Fatte queste premesse è ora possibile stabilire quali policy possano in concreto favorire l’obiettivo di ridurre la misallocazione dei fattori produttivi e aumentare la produttività. Alcune di queste vengono elencate anche nel paper di cui sopra e lo scopo è ovviamente quello di ristabilire un equilibrio concorrenziale nel mercato dei fattori produttivi.
- Riduzione dei tempi dei processi civili per assicurare un funzionamento più rapido ed efficiente del mercato e attirare gli investimenti esteri. Inoltre favorire il ricorso a strumenti alternativi di risoluzione delle controversie.
- Riforma della legislazione fallimentare in modo da liberare le risorse dalle imprese in difficoltà in modo più rapido ed efficiente e possano essere così dirottate su imprese più produttive. Alcuni provvediemti sono stati approvati nel corso degli ultimi anni, ma gli effetti saranno misurabili col tempo.
- Favorire lo sviluppo del private equity e del venture capital per ridurre l’intermediazione bancaria tradizionale con i problemi annessi (zombie lending, relational banking, scarso sostegno alla imprese nelle fasi di seed e start-up), per sostenere le imprese nelle fasi iniziali e di espansione dell’attività e per rendere i mercati delle distressed securities e delle ristrutturazioni aziendali più efficienti e competitivi. In generale, questi operatori possono essere incentivati con i provvedimenti di cui al punto 1 e al punto 2.
- Aumentare la flessibilità del mercato del lavoro. In questo senso, gli autori del paper sopra citato trovano che le imprese che fanno più ricorso alla Cassa Integrazione sono meno produttive. Questo è dovuto principalmente al fatto che la Cassa Integrazione protegge il posto di lavoro e sfavorisce la mobilità di questo fattore produttivo.

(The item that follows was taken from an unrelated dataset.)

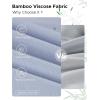 imageINNERSY Mens Bamboo Viscose Boxer Briefs Breathable Moisture Wicking Underwear 4PackIcy Blue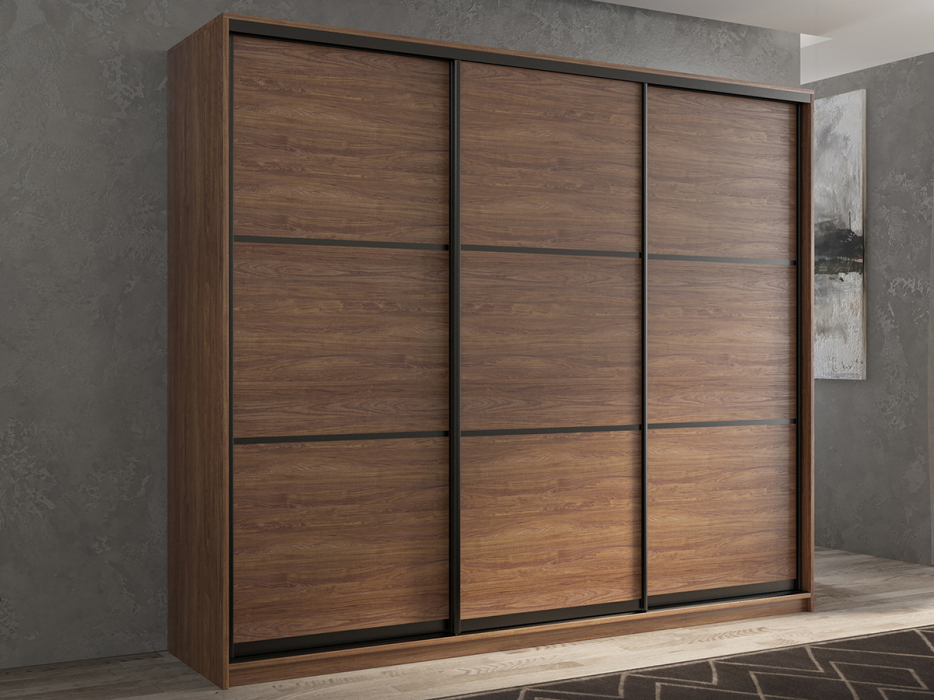 Шкафы-купе 3-х дверные, Шкаф-купе 3х дверный Кааппи 4 180х45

- Riforma del sistema educativo per migliorare il matching tra domanda e offerta di lavoro. Molte imprese incontrano crescenti difficoltà nel trovare candidati con le skills richieste per le posizioni aperte e questo problema può essere risolto soltanto riformando in profondità il sistema educativo e favorendo l’immigrazione di high skill workers.
- ridurre e/o eliminare buona parte dei sussidi alle imprese che spesso creano distorsioni nell’allocazione dei beni produttivi. Nel paper di cui sopra vengono citati i sussidi alle rinnovabili come possibile spiegazione alla grande crescita della misallocazione nel settore energetico nonostante le privatizzazioni (anche qui parziali).
- Privattizzazione delle aziende pubbliche previa ristrutturazione ed eventuale modifica del quadro regolamentare del settore di riferimento per favorire la concorrenza e quindi la crescita nel lungo periodo.
Per avere un’idea dei provvedimenti concreti da adottare, consiglio di dare un’occhiata qui.
Negli ultimi anni qualcosina si è mossa nel nostro Paese anche se gli sforzi risultano ancora insufficienti. La situazione economica del nostro Paese è precaria e c’è chi addirittura paventa il rischio di una leggera contrazione del PIL nel terzo trimestre di quest’anno. Per ristabilire la crescita nel medio termine e ridurre il peso del debito è necessario, quindi, migliorare tutti i punti elencati in precedenza.
La produttività è un concetto tanto elementare quanto fondamentale e come tale dovrebbe essere al centro dell’agenda di qualsiasi governo con un piano radicale per ristabilire le condizioni essenziali affinché sia possibile investire e liberare risorse male utilizzate o addirittura inutilizzate affinché possano essere impiegate in maniera più produttiva e permettere al Sistema Paese di tornare competitivo sui mercati internazionali.